Gerade in den Momenten, in denen nicht der Plot vorangetrieben werden soll, sondern die Jugendlichen einfach nur existieren, etwa gemeinsam das mitunter schmerzhafte Kartenspiel Fingerkloppe zocken, beweist Krippendorfs Drehbuch seine Stärken: Die Dialoge gleiten nie in ausgelutschte Klischees über türkisch- oder arabischstämmigen Teenager ab – es ist ein lebhaftes Nebeneinander von Meinungen und Temperamenten, in dem sensible und nachdenkliche Beobachtungen sich mit wütend-aufgekratzten Sprachsalven abwechseln. Solche atmenden Passagen werden aber auch immer wieder von Momenten unterbrochen, die wirken, als habe hier Krippendorf unbedingt noch ein Thema in den Film zu quetschen versucht.
So bringt Jule etwa als Teil einer Schulaufgabe eine Babypuppe mit nach Hause, die den Jugendlichen die Schwierigkeiten der Elternschaft näherbringen soll. Ihrer ansonsten eher verantwortungsschüchternen Mutter Vivienne nötigt sie das Versprechen ab, sich in ihrer Abwesenheit um die Puppe zu kümmern. Eines Abends kommt sie nach Hause und findet den kreischenden Säuglingsroboter von Vivienne zurückgelassen in ihrem Bett vor, beginnt zu weinen und gesteht, dass sie ihre Mutter mit der Aufgabe von der Alkoholsucht ablenken wollte. Die emotionale Reaktion der Mädchen auf die mütterlichen Verantwortungslosigkeit wird ansonsten nur am Rande thematisiert und wirkt dann auch sehr viel wirkungsvoller – die Babypuppe ist als Mittel hingegen zu offensichtlich und auch klischeehaft, immerhin hat fast jede Sitcom eine Episode, in der es genau um solche Elternschafts-Übungen geht.
In einer weiteren, beispielhaften Szene finden die Schwestern bei ihrer Mutter ein Buch der feministischen Theoretikerin Judith Butler. Auf den ersten Seiten hat eine von Viviennes Saufkumpaninnen eine Geburtstagswidmung geschrieben, die an den freien Geist früherer Zeiten erinnern soll. Zwar fügt der Kontrast von feministischer Theorie und verantwortungsloser Suchtbefriedigung der Mutterfigur ein interessantes Element hinzu. Aber der intellektuelle Verweis wirkt in der Geschichte des Films so isoliert, als habe Krippendorf noch unbedingt eine Brücke zwischen der Selbstbestimmung der Schwestern und der Selbstbestimmung im Rahmen des feministischen Diskurses schlagen wollen. In solchen Moment untergräbt ein ungelenker Zeigegestus die ansonst so strahlende Stimmigkeit der Filmwelt.

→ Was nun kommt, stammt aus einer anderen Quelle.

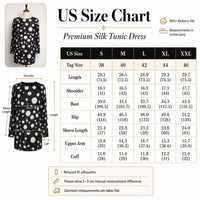 Women's Light Luxury Satin Crew Neck Long Sleeve Tunic Shirts - Black Base with Large Polka Dots, Mid-Length, Loose Drape, Curve-Hiding, Breathable Casual Bohemian Commuter Cover-Up Tops image 10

Fazit: Ein großartiges gespieltes und in mutig-sommerliche Farben gehülltes Comic-of-Age-Drama, das den unvergleichlichen Vibe des Berliner Kotti auf die Leinwand bringt, mitunter aber auch auf etwas verbrauchte Klischees zurückgreift.
Wir haben „Kokon“ im Rahmen der Berlinale gesehen, wo er in der Sektion Generation gezeigt wurde.